**Task:**
Practice item. Set the material below down again exactly, with no pictures.

**Data section:**
· · · · · · ·
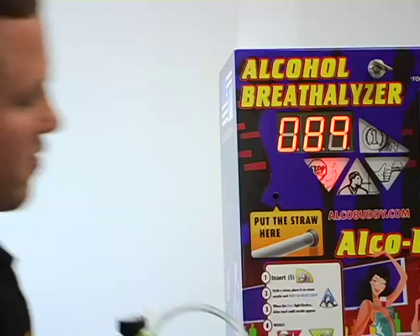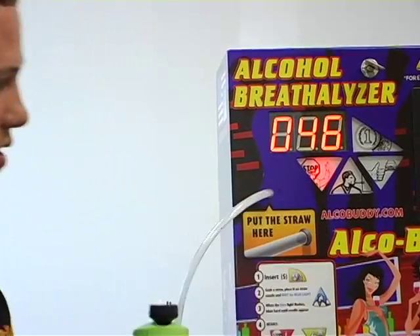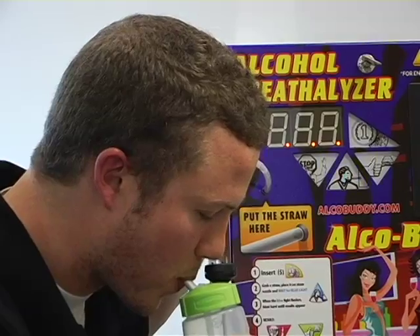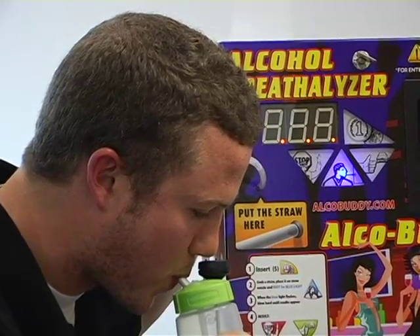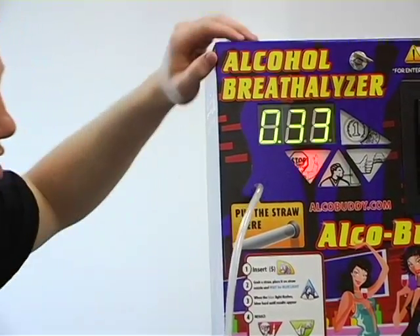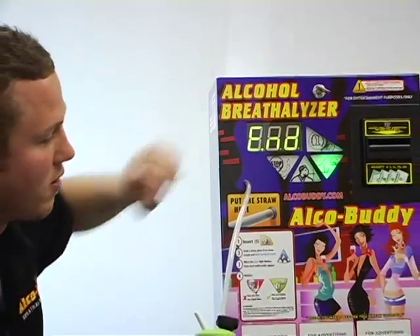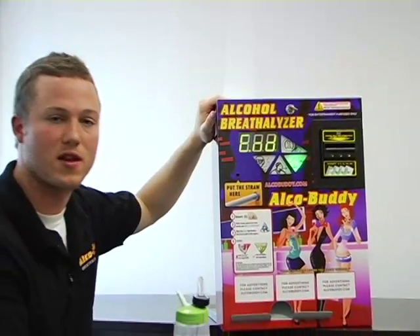We will wait for the next 10 second countdown, hook up the tube, and get ready to blow. Perfect — as you can see, we hit our range: 0.33. In that case it flashes green and will also show 'end.' That means it is saved, and now the machine is calibrated and ready to go.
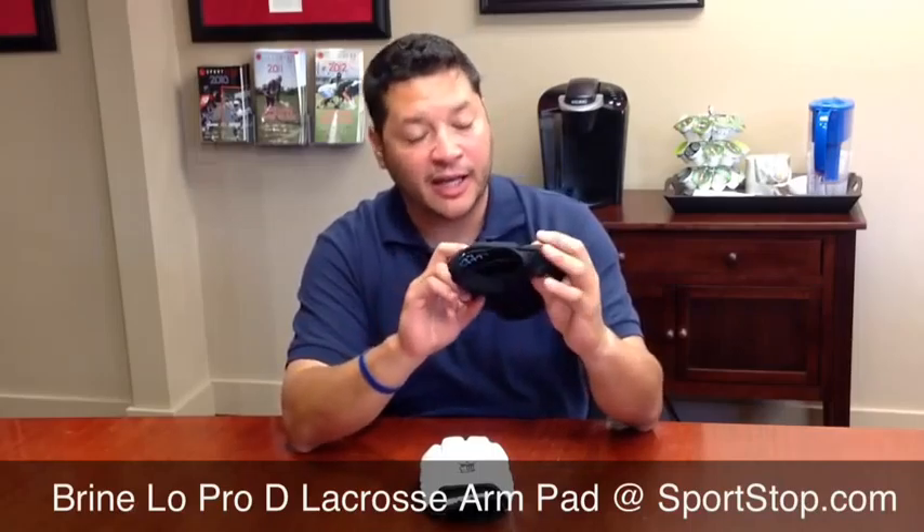Last but not least, this pad is one and a half ounces — one and a half ounces — 41% lighter than our old Lowepro D.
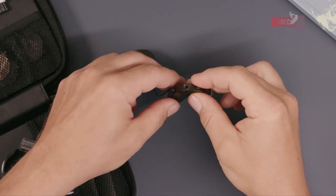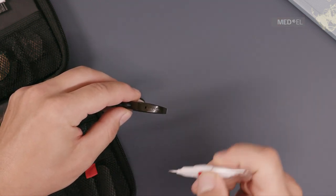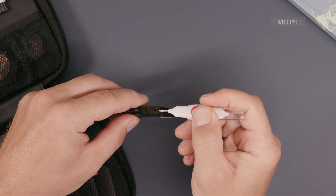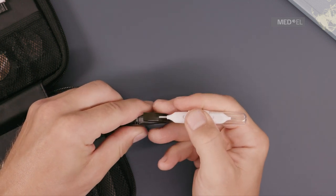To remove the old microphone cover, insert the screwdriver into the groove at the bottom of the microphone cover. Gently lever the cover away from the control unit in the direction of the earhook.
· · · · · · ·
**Task result:**
We will wait for the next 10 second countdown, hook up the tube, and get ready to blow. Perfect — as you can see, we hit our range: 0.33. In that case it flashes green and will also show 'end.' That means it is saved, and now the machine is calibrated and ready to go.
Last but not least, this pad is one and a half ounces — one and a half ounces — 41% lighter than our old Lowepro D.
To remove the old microphone cover, insert the screwdriver into the groove at the bottom of the microphone cover. Gently lever the cover away from the control unit in the direction of the earhook.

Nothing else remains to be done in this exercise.